When you're out on the road, things blur over time, and you just have a
vague sense of how you're doing. In my mind it feels like I've
always
been on the road, and the tours have blended into one another for the
most part. I know they've got bigger and busier in recent years, but I
didn't think there was any real shape to them overall.
Boy, was
I wrong!!! By studying the dates for 2000, 2001 and 2002, there's a
definite pattern. In the first couple of years I was accepting just
about every offer to go and do my thing to an audience, a few days
here, a single event there. Virtually no public events, and the few I
dared attempt were catastrophes for the most part! A structure - where
I did a few weeks of hardcore, intensive touring - began to emerge in
the second year, and became more apparent in the third, but I was still
out on the road in dribs and drabs for most months of the year. By the
end of 2002, I could sense the tide turning - I'd built up a good-sized
fan base - but I still didn't do many public events or signings. We
concentrated on schools, taking the books into places where I was
unknown, aiming to find new readers. I was still a long way from being
able to do a "glamour" tour, where I'd go into schools where I was
largely known and liked.
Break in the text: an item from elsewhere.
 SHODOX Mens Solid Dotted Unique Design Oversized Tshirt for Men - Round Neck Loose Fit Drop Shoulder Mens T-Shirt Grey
It was a relentless, dogged campaign -- I
marched tirelessly from one event to another, never complaining, never
letting the dud events (where I got only a handful of people turning
up) depress me, clinging to the belief that this would work in the long
term, that I'd see the benefits of ceaseless touring one day...
What
stunned me most, going through the lists, was just how bad my first
tour of the States really was!!! Whenever I thought about it over the
years, I always knew it was poor compared to my later tours, but it
wasn't until I went back and looked through my diary entries that I
realised it was an almost total wash-out!! Terrible attendances at the
public events, small groups in most of the schools, not many books
sold. Looking back, it's plain to see that it was too early for a tour.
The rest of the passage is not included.